# Your objective
Write out every record below exactly as given. Leave the pictures out.

━━━━━━━━━━━━━━━━━━━━

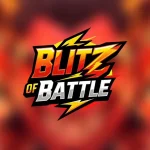 Battle of Blitz logo with blurry background.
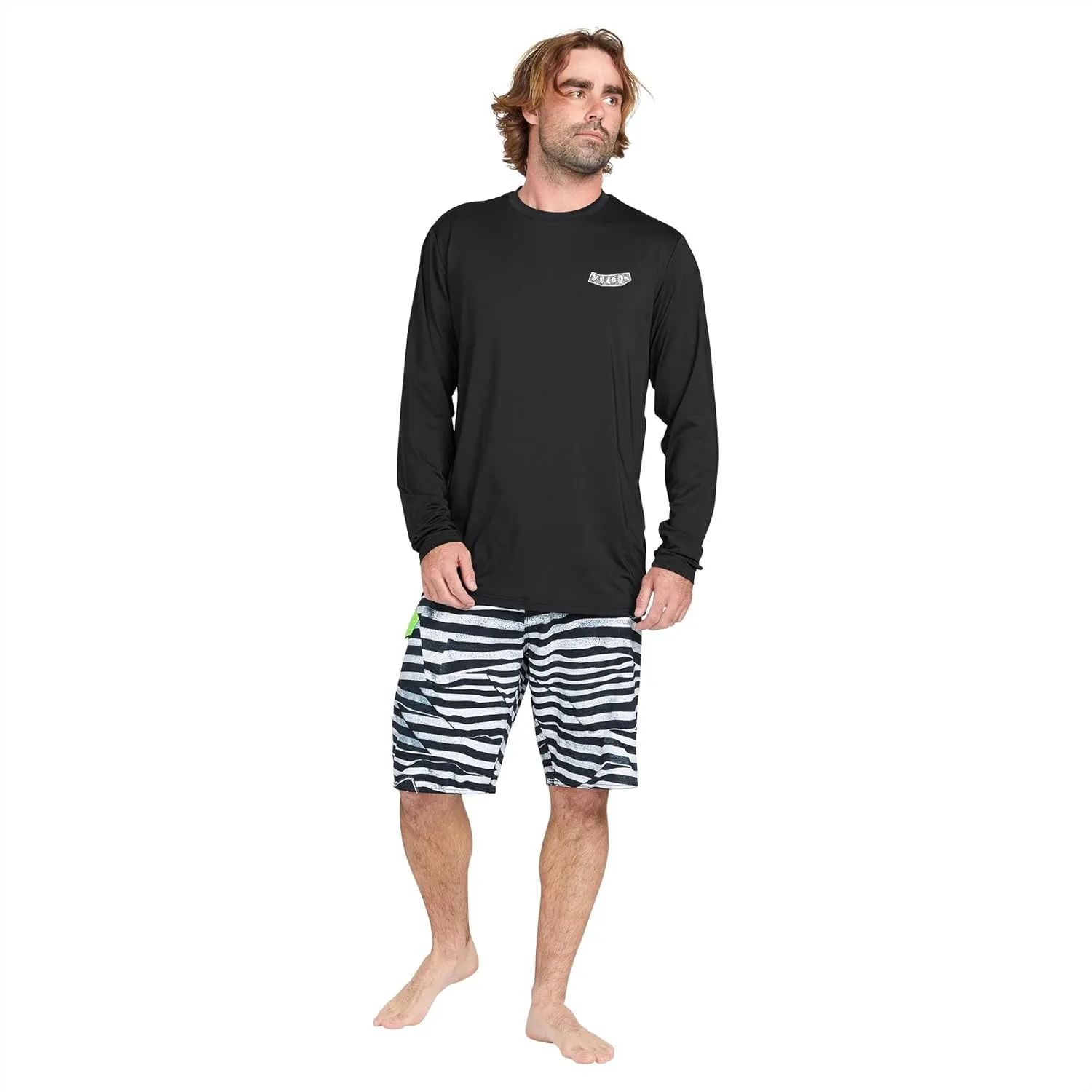 Volcom Men's Taunt UPF 50  Long Sleeve Loose Fit Rashguard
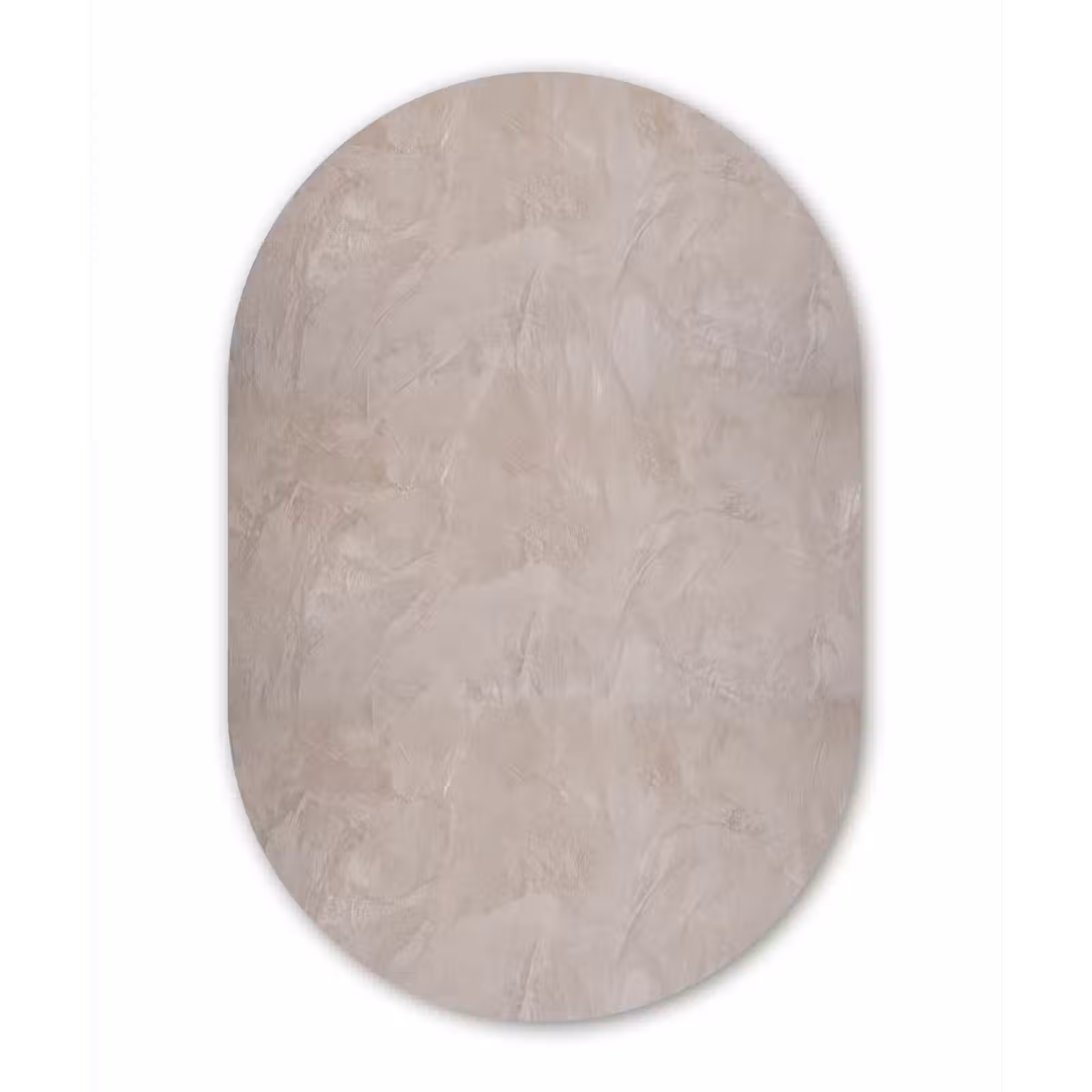 Muurovaal aluminium - Textuur - Wand - Modern - Beige - Abstract — 1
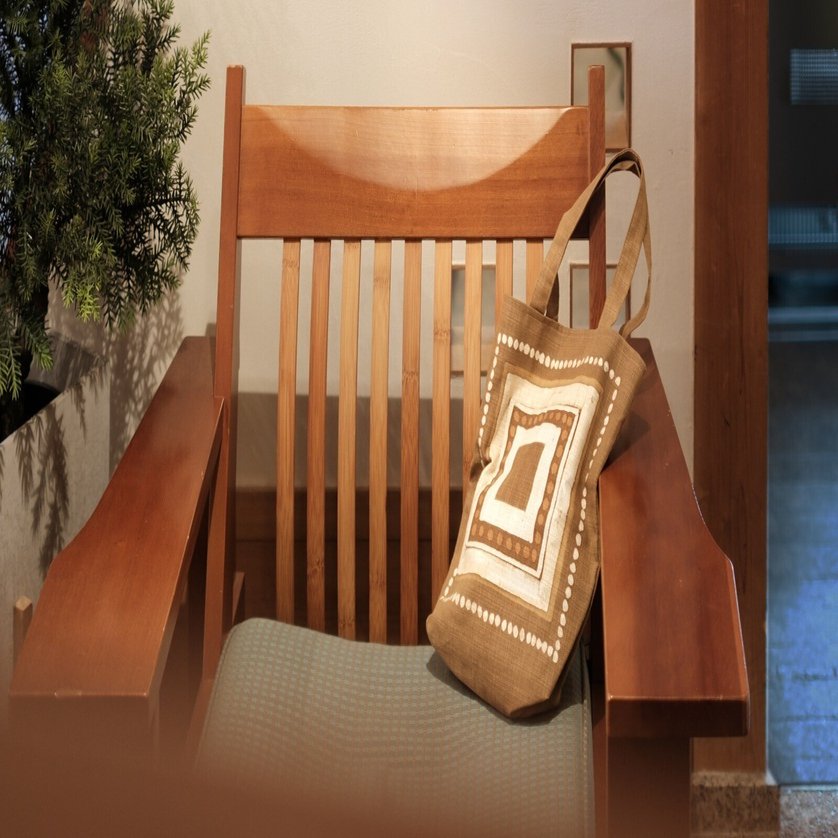 手描きろーけつ草木染め 楠木 筆箱 手描きろーけつ草木染め 楠木 筆箱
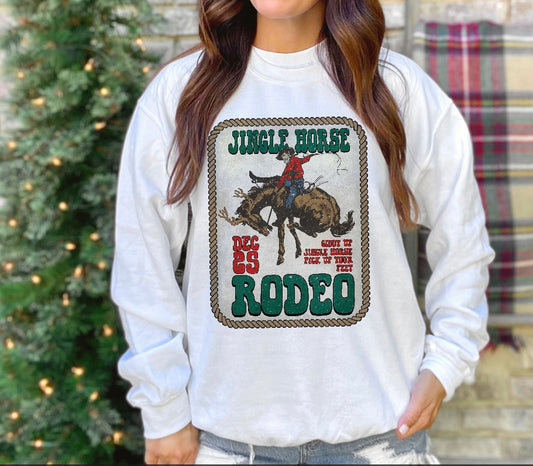 Jingle Horse Rodeo Crewneck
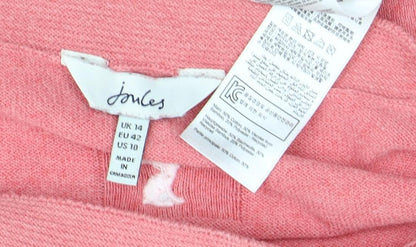 James Women's Pink 3/4 Sleeve Cardigan Size 14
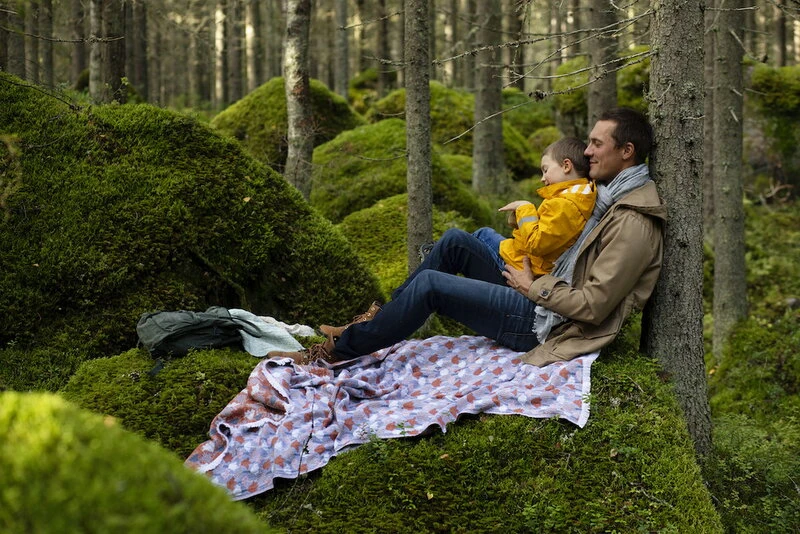 Lapuan Kankurit Tulppaani Torkkupeitto, 130 X 180 Cm, Kaneli - Sininen - Image 3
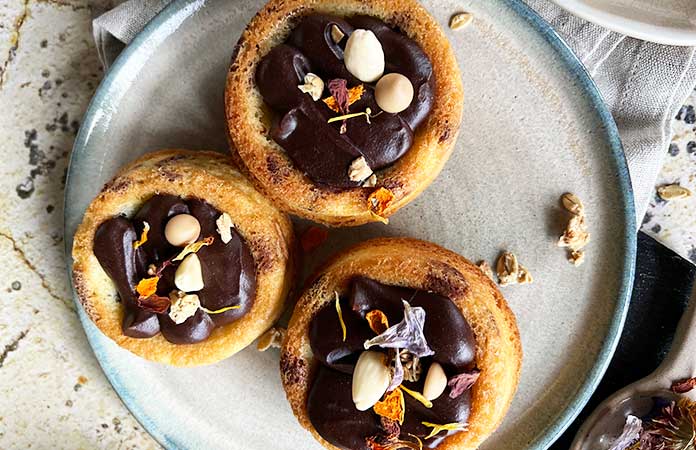 Cake Stracciatella et ganache au chocolat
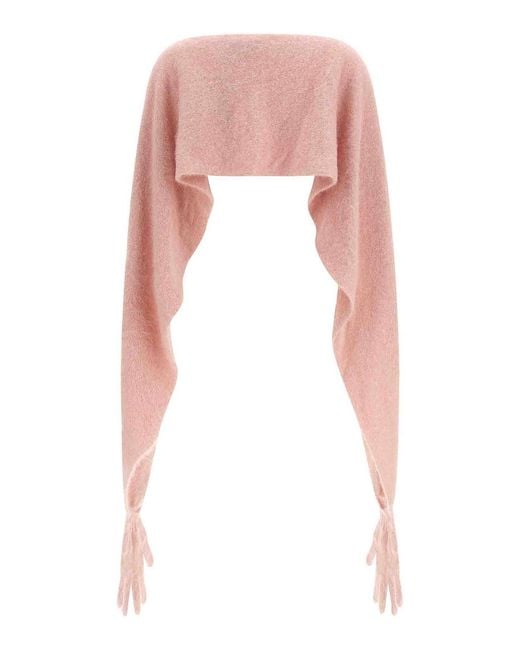 Moschino White Glove Cape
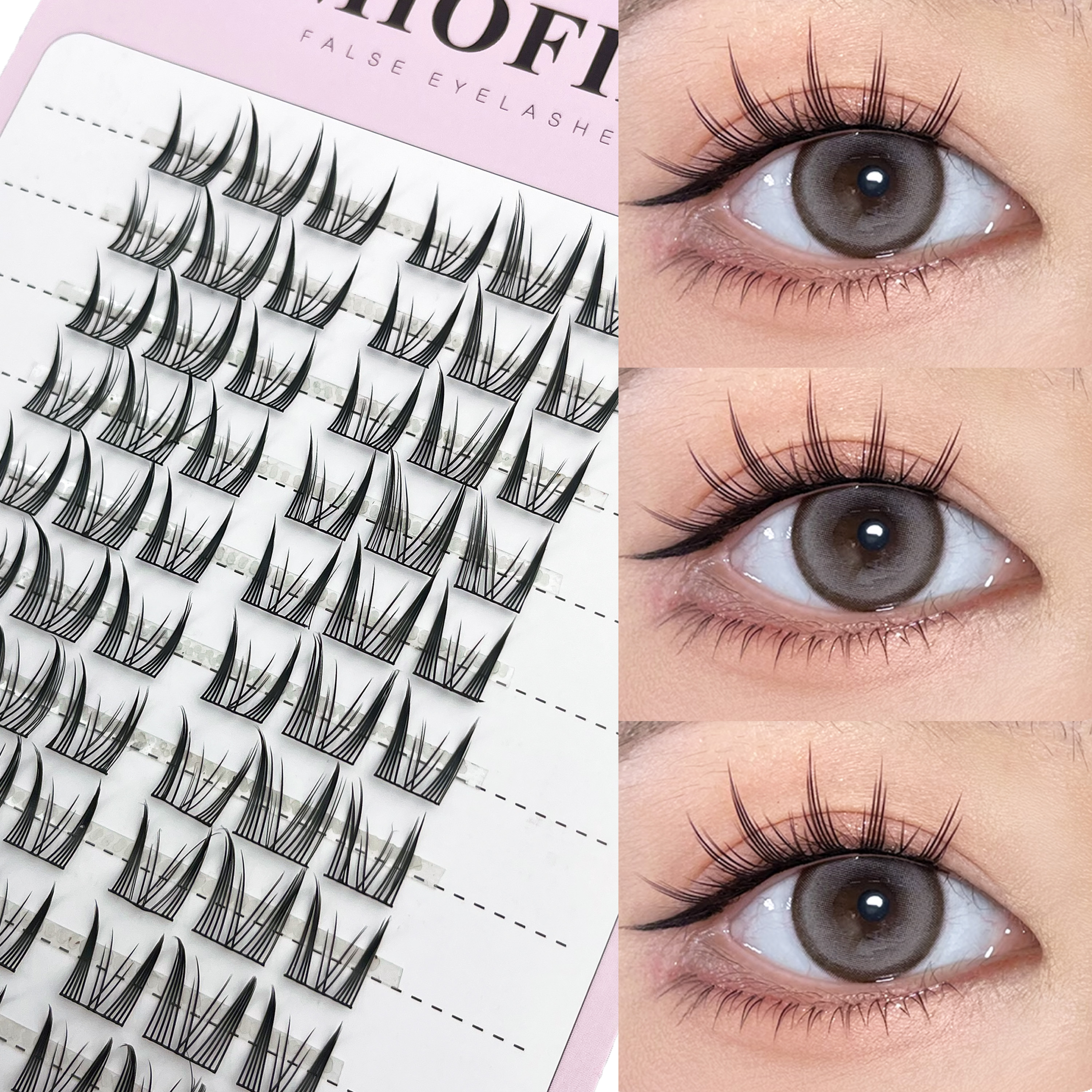 MIOFIA Manga False Eyelashes K - Eyelash Extension Anime Style recension och pris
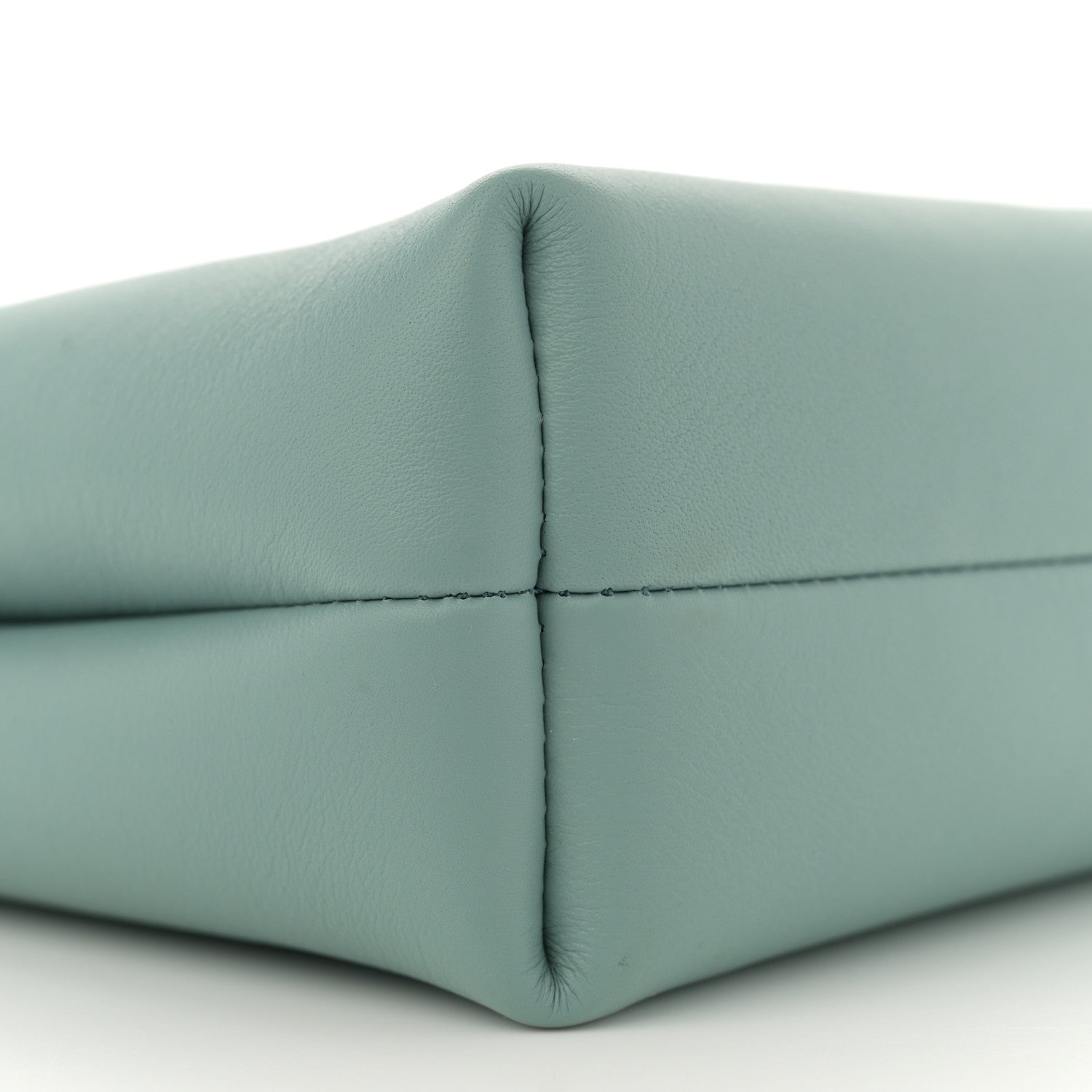 Loewe Smooth Calfskin Pebble Pouch Water 9 of 12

━━━━━━━━━━━━━━━━━━━━

# Expected answer
 Battle of Blitz logo with blurry background.
 Volcom Men's Taunt UPF 50  Long Sleeve Loose Fit Rashguard
 Muurovaal aluminium - Textuur - Wand - Modern - Beige - Abstract — 1
 手描きろーけつ草木染め 楠木 筆箱 手描きろーけつ草木染め 楠木 筆箱
 Jingle Horse Rodeo Crewneck
 James Women's Pink 3/4 Sleeve Cardigan Size 14
 Lapuan Kankurit Tulppaani Torkkupeitto, 130 X 180 Cm, Kaneli - Sininen - Image 3
 Cake Stracciatella et ganache au chocolat
 Moschino White Glove Cape
 MIOFIA Manga False Eyelashes K - Eyelash Extension Anime Style recension och pris
 Loewe Smooth Calfskin Pebble Pouch Water 9 of 12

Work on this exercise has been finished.